Ze had het de avond ervoor niet al te laat gemaakt bij Eric thuis. Rond een uur of tien was ze naar haar eigen huis gegaan. In de keuken gezeten schonk ze zich een glas Life is bitter - Life is sweet - Campari in en keek nog eens rond. De keuken zag er blinkend schoon uit. De heren waren daar een paar uur mee zoet geweest. Alle sporen van de vliegende vis waren uitgewist.
Mevrouw Jorritsma was na een tijdje door het kattenluikje binnengekomen. Toen hij haar zo zag zitten, had haar onzeker aangekeken. Zou ze weer vreemd gaan doen? Ze bukte zich naar hem, maar hij had zich zeer hautain afgewend en was naast de voorraadkast gaan zitten, waar hij zich uitgebreid begon te likken. Zijn roze poezen-anus was naar haar toegedraaid. Net of hij haar daarmee wat wilde zeggen.
Oh, zijn we geen vriendjes meer? Nou als je zo lelijk tegen me doet, ga ik naar bed. Doei!Voor ze de keuken verliet, controleerde Christel nog even of er genoeg voer en water in zijn bakjes lag. Dat zag er allemaal prima uit. Welterusten, zei ze tegen hem, waarna ze het licht uitdeed en naar bed ging.
De volgende ochtend was ze vrij vroeg wakker geworden.
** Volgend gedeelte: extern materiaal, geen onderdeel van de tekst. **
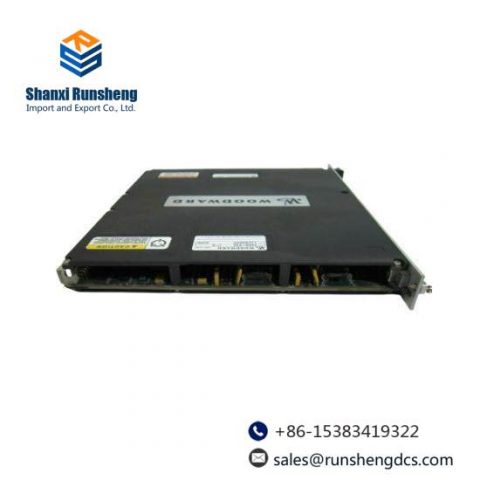 Woodward 5466-332 New Original 5466332 - Industrial Control Module, Precision Engineering for Critical Applications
De emoties van de afgelopen dagen kon ze nog goed voelen in haar lijf. Ze hoefde die dag gelukkig niet te werken, dus ze had alle tijd om het huis aan kant te maken en boodschappen te doen. Ze was met bezig de melk in de koelkast op te bergen toen ze een aanval kreeg. Snel zette ze de melk weg en ging zitten.Christel transpireerde nooit, maar nu gutste het zweet over haar hele lichaam. Ze voelde zich zwak en misselijk worden en begon te beven. Alles wat ze de afgelopen dagen had meegemaakt balde zich in haar lichaam samen tot een brok haat. Ze kreeg maar een woord door: Wraak. Ze stond op en ijsbeerde heen en weer. Wat moest ze nu doen? Ze hield met ijsberen en leunde met haar voorhoofd tegen de koele, gladde deur van de koelkast. Al was het het laatste wat ze op deze aardkloot zou doen; ZE ZOU DIE TEEF WEL KRIJGEN!!!
Waarom hadden Winnie en Marian ook nog niet gebeld. Ze zat zich hier moederziel alleen op te vreten. Uit pure frustratie balde ze haar vuisten. What the Hell! Zo groot kunnen die Ardennen toch ook niet zijn. Er was vast een jeugdherberg of iets dergelijk die gespecialiseerd was in het opvangen van survivaltocht survivors. Ze rende naar de slaapkamer, trok onderweg een reiskoffer uit de linnenkast en begon alles wat ze dacht nodig te hebben in de koffer te smijten. Als Mozes niet naar de berg kwam, kwam deze wel naar hem. Wat die berg kan, kan ik ook, dacht ze, ondertussen de overvolle koffer dichtritsend.
Ze vloog de trappen af naar beneden waar ze als een idioot naar pen en papier zocht. Zoals gewoonlijk lagen ze naast de telefoon. Met de bloknote in haar hand begon ze te schrijven:

"Beste Eric en Caspar,
De muren komen hier op me af. Ga nu naar de Ardennen om Winnie te zoeken. Zo moeilijk kan het toch niet zijn om een zwarte pot in survivalbroek te vinden? Is het waarschijnlijk wel, maar ik moet toch wat.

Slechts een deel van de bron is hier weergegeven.